Marga
In one act by GEORG PITTRICH.
Text by ARNO SPIESS.
The first performance of this highly interesting little opera took
place in Dresden in February 1894 and awakened the interest of every
music lover in the hitherto quite unknown composer. Scenery and Music
are of the colouring now common to modern composers, for whom
unfortunately Mascagni is still the God, at whose shrine the
worship.
The scene is laid in a Bulgarian village at the foot of the
Schipka-Pass. Marga the heroine, a Roumanian peasant-girl has had a
sister Petrissa, who, suffering cruel wrong at the hands of Vasil
Kiselow, has cursed her seducer and sought death in the waves.
Marga, who had vowed to avenge her sister, is wandering through the
world in vain search of Vasil. When the curtain opens she has just
reached the village, where Vasil occupies the most auspicious position
of Judge. Thoroughly exhausted she sinks down at the foot of a cross
and falls asleep.
Vasil's son Manal, finding her thus, detects a wonderful likeness
between the sleeping beauty and a picture, which he had found some time
ago in the miraculous Sabor Cave, and which for him is the ideal of
love and beauty.--This picture, a likeness of Petrissa had been hung
there by Vasil in order to exorcise the curse of the unhappy virgin,
but Manal has no knowledge of his father's misdeed.

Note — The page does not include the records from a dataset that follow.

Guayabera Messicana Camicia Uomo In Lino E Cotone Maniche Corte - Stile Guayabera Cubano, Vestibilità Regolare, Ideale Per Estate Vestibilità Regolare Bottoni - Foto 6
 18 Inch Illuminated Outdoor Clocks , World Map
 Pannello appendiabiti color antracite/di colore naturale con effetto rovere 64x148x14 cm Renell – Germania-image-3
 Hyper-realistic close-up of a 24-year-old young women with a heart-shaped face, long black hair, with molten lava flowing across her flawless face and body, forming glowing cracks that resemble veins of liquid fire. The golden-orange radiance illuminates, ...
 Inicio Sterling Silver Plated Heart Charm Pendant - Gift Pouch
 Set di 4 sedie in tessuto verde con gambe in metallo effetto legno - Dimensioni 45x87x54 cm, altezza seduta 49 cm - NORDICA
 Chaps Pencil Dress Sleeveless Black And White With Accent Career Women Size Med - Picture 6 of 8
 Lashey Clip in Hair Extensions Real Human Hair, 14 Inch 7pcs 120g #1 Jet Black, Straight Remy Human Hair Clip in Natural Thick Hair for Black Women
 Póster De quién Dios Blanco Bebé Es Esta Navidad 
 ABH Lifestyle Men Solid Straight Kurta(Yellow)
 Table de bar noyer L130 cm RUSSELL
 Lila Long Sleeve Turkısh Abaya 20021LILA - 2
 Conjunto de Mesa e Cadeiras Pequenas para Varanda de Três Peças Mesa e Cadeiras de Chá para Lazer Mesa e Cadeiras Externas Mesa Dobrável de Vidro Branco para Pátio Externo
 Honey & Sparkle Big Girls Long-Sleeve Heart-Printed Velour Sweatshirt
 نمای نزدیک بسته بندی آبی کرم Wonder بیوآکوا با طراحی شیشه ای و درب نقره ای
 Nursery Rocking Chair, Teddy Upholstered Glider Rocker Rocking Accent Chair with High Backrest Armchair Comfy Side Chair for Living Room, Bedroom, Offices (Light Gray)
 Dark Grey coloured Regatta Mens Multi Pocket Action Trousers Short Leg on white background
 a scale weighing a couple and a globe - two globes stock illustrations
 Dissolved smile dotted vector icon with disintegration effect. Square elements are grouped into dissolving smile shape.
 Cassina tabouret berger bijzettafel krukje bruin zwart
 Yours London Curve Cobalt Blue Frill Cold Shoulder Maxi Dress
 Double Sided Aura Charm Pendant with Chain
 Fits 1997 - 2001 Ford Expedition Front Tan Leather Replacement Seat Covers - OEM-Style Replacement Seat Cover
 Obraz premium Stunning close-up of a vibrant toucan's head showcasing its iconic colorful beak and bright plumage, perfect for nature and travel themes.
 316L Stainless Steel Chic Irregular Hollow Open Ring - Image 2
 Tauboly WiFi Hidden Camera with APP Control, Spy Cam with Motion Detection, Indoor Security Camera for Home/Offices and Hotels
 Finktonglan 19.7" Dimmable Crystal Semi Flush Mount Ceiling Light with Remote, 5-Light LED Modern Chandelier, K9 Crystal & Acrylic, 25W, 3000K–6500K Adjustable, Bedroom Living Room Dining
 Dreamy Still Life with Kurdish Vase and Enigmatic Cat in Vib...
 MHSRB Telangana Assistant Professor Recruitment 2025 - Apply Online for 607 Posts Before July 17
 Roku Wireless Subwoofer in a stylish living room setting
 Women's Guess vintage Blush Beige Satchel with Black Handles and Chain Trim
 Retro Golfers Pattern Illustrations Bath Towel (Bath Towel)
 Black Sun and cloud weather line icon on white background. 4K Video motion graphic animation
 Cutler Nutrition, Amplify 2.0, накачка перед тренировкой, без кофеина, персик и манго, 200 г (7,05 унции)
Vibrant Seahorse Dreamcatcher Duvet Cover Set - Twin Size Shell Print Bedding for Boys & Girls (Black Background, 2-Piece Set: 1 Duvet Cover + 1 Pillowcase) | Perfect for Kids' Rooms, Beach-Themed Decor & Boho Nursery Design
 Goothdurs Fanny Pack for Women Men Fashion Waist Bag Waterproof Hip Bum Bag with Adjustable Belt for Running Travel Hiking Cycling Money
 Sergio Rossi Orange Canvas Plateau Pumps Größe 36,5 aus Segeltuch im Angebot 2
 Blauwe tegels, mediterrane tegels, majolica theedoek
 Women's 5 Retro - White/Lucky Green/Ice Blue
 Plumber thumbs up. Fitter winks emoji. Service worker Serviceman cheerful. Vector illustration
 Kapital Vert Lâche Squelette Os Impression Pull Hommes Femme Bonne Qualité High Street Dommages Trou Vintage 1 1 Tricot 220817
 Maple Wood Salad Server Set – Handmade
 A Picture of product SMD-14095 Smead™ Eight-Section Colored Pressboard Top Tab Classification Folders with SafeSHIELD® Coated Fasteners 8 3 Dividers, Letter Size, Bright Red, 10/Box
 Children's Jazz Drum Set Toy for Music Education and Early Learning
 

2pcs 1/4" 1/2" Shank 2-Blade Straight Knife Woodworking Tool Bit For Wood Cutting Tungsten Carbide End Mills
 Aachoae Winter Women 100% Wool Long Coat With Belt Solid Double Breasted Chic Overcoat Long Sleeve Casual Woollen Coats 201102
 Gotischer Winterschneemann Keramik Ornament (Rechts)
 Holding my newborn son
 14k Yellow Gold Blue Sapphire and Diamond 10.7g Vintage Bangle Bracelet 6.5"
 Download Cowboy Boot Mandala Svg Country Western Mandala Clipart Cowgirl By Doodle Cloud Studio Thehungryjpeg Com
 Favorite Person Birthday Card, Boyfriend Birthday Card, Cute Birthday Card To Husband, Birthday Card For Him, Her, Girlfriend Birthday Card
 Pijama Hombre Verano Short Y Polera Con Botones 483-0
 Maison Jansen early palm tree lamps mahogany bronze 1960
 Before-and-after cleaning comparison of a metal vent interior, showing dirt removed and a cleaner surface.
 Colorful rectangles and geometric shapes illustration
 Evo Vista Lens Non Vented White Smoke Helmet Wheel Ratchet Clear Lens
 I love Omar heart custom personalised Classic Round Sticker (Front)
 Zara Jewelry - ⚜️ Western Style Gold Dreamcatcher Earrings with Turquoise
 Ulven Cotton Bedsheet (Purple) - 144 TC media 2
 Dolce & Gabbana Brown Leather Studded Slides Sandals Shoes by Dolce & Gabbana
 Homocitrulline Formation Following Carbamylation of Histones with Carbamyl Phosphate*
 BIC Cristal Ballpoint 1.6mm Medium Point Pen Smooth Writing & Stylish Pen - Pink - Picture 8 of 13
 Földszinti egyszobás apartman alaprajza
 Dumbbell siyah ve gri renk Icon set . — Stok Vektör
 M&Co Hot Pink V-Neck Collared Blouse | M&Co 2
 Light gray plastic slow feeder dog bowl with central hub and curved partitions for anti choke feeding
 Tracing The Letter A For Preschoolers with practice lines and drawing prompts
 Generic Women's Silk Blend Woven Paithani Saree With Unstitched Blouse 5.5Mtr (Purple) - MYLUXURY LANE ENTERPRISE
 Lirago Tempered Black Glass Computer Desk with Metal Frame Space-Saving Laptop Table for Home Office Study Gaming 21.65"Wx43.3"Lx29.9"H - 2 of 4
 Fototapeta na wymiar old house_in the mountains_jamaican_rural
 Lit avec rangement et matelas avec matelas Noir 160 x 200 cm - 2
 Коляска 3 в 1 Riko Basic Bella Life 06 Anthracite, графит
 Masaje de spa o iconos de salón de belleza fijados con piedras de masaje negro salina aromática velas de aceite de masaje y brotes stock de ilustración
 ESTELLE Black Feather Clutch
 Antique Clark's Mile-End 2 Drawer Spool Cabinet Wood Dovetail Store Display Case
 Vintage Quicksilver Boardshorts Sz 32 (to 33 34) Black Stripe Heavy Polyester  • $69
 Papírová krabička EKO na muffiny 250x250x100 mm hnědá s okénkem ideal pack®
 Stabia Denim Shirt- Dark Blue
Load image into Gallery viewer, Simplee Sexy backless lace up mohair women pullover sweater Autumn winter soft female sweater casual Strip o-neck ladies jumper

When Marga awakes, the young people of course fall in love with each
other, and Marga discovers too late, that Manal is the son of her
sister's destroyer. Hesitating between love and her vow of vengeance
she wildly reproaches Vasil who falls at her feet in deep contrition
beseeching her forgiveness, which she grants at last.--Full of
penitence he relinquishes his property to the young people, and
exhorting Manal to be a just and clement Judge, he betakes himself to
the mountains, resolved to join in the war against the Turks.